Ann wiped her eyes, and then laughed uncomfortably. “Well, I better get back to Jeremy before he wonders where I got off to. Good night.”
“Night, Mom.” Grace collected the rest of the trash and ensured it was properly stored in the bear-proof bins before returning to her cabin. She fell onto the lawn chair she’d picked up curbside and pondered her mother’s apology until her phone interrupted her thoughts. Uncle Carl’s voice filled her with warmth.
“Uncle Carl!”
“Gracey! I’m sorry it’s taken so long to call. I’ve had the best vacation. Fishing is great, and the sunshine is better. But I suspect you haven’t been trying to get in touch with me about my holiday. Am I right?’
She shifted on her chair. A light shone in Kye’s cabin. Was he back from the hospital? Was his mother still there? “You always knew how to read in between the lines, Uncle Carl.”
“How are things at camp?”
“Not what I expected.”
“But Kye’s working out, right? He is everything I thought he was?”
Grace hated the tension that crept into Uncle Carl’s voice. He deserved this break, not to be dragged back into the drama of camp.

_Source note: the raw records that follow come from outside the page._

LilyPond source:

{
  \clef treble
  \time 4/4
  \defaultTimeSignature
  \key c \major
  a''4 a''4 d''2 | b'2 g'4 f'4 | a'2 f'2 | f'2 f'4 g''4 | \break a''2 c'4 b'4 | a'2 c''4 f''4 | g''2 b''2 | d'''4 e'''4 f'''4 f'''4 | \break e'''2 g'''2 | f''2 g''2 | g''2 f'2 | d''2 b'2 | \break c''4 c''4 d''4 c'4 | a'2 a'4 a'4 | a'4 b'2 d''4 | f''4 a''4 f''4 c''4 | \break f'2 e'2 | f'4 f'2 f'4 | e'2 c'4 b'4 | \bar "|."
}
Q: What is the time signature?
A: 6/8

“I’m not thrilled with his direction, but he’s a good guy.” Her heart zinged as she remembered the tender way he wrapped her arm earlier in the day, and the way Kate and her mother vouched for his character.

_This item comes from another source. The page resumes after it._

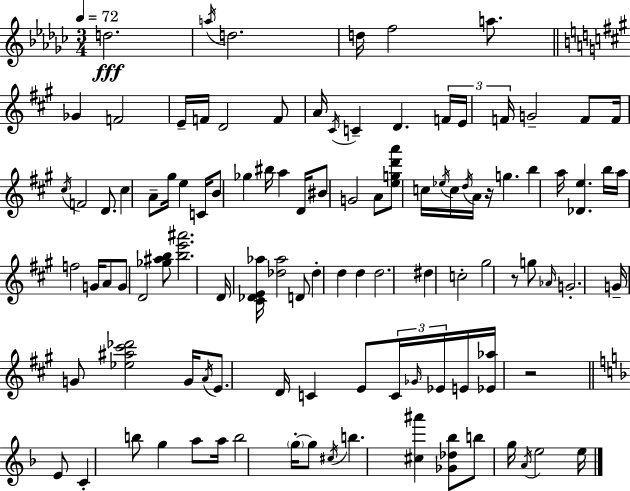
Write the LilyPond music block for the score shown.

“Is there romance blooming?” Uncle Carl’s hopefulness oozed through the connection. Was that why Uncle Carl so easily stepped aside and accepted retirement? Was he matchmaking?
“We’ve hit some unexpected roadblocks.” She ignored his question and instead briefed him on what had been happening, including her mother’s bombshell of an announcement about the insurance.
“That sounds like an awful lot to process.”
Her fingers ached from her grip on the phone. He didn’t know the half of it. She forced her hand to relax. “We’ll get through. It’s not like someone is out to ruin the camp.” As soon as the words left her lips, she wondered if someone could be behind all their bad luck.
“I don’t know. It’s too serious to be a prank, but too frequent to write off as happenstance.”
“Could someone be behind this? Another camp?”
“I doubt it. They’re all struggling to maintain enrollment. Most of the talk when I was there had been about working together, not against each other. Keep your wits about you.”
A cold sweat beaded on her brow. What if someone was trying to sabotage the camp? What did that mean for the campers? For her program? For Kye? “Did you ever have a summer like this?”
“No,” he laughed. “The worse thing I ever had to handle was an ornery board member who kept trying to buy up shares so he could gain the majority.”
“What did he want with shares?”
“He said the capitol gained from selling shares would save the camp from closure, but I wasn’t convinced he planned to keep the camp open. There was something fishy about the whole thing.”
“He’s not still here, is he?”
“Last I heard, he left the cottage to his family and moved away. I think the noise from the kids got to him.”
“At least we don’t have some cranky old man to deal with on top of everything else.”
“Keep me posted, Grace.”
“Will do.” After they disconnected, Grace remained on the porch. What would Uncle Carl think about her rock climbing plans? In light of all that had happened, would he be concerned for her safety? Should she tell Kye about her theory of sabotage?
Kye’s cabin light flicked off, cloaking his place in darkness. Maybe tomorrow’s excursion wasn’t such a good idea.